In 2020, it took one engineer about a week to create a new Kubernetes cluster integrated into the Cruise environment. Today we abstract all configurations and creating a new cluster is a matter of one API call, occupying essentially no engineering hours. Here is how we did it.

Before, every platform engineer knew each individual Kubernetes cluster by name and whether the workloads running on it were business critical or not. There was an entire set of always running test clusters to rollout new features. Creating a new cluster meant for an engineer to follow a wiki guide that walks you through the exact sequence of steps that has to be performed to create a cluster. That involved a bunch of pull requests to many different repositories. These pull requests had to be executed in a certain order and success of a previous step unblocked another step (like creating a new Terraform Enterprise workspace before applying Terraform resources). The following is already a simplified flow chart of what an engineer had to perform.

While Cruise is using managed Kubernetes clusters on the cloud which technically can already be created with only one API call, there is a bunch of customization that Cruise does to every new cluster. That includes but is not limited to:

  • Claiming free CIDR ranges for masters, nodes, pods and services and register them on netbox
  • Integration into the internal VPC
  • Firewall configuration
  • Authorized network configuration
  • Creation of cluster node service account and IAM bindings
  • Customizing the default node pool
  • Creation of a dedicated ingress node pool
  • Configuring private container registry access for nodes
  • Creating load balancer IP address resources
  • Creating DNS record entries
  • Creating backup storage bucket
  • Vault integration (using the Vault Kubernetes Auth Method + configuring custom Vault roles)
  • Configure API monitoring
  • Install cluster addons (istio, coredns, external dns, datadog agent, fluentd, runscope agent, velero backup and custom operators to only name a few)

Decommissioning clusters was a simpler but still pretty involved process.

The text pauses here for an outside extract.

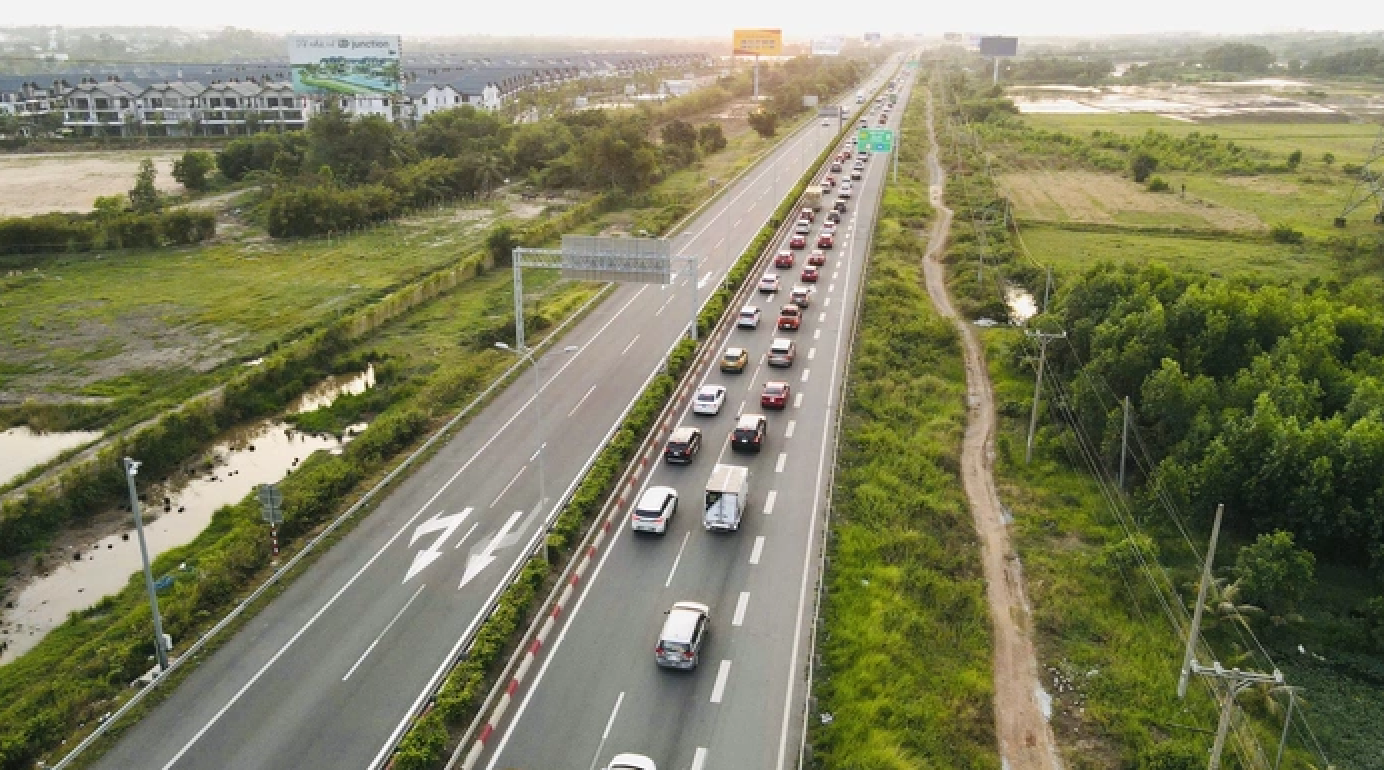 Từ hôm nay, xe khách trên 29 chỗ, xe tải trên 7,5 tấn không đi vào làn 1 ở cao tốc- Ảnh 1.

Extensive creation and decommissioning processes lead us to treat our clusters as pets.

You might ask “But Why is That Bad? - I Love Pets!”. While pets are pretty great, it’s not favorable to treat your clusters like pets, just as it is not favorable to treat virtual machines like pets. Here are a few reasons why:

  • It takes time (a lot) to create, manage and delete them
  • It is not scalable
  • We often conduct risky ‘open heart surgeries’ to save them
  • We can’t replace them without notice to users
  • We are incentivized to have fewer clusters which increases the blast radius of outages

However, here is what we would like to have:

  • Clusters don’t have to be known individually, they’re all just an entry in a database identified by unique identifiers
  • They’re exactly identical to one another
  • If one gets sick (dysfunctional) we just replace it
  • We scale them up and down as we require
  • We spin one up for a quick test and delete it right after

All these attributes would not apply to pets, but it does sound a lot like cattle. Bill Baker first coined this term for IT infrastructure in his presentation “Scaling SQL Server” in 2012 [1], [2], [3]. He implied that IT infrastructure should be managed by software and an individual component (like a server) is easily replaceable by another equivalent one created by the same software.

That’s what we have achieved at Cruise through the cluster-operator, a Kubernetes operator that reconciles custom Cluster resources and achieves a desired state in the real world via API calls through eventual consistency.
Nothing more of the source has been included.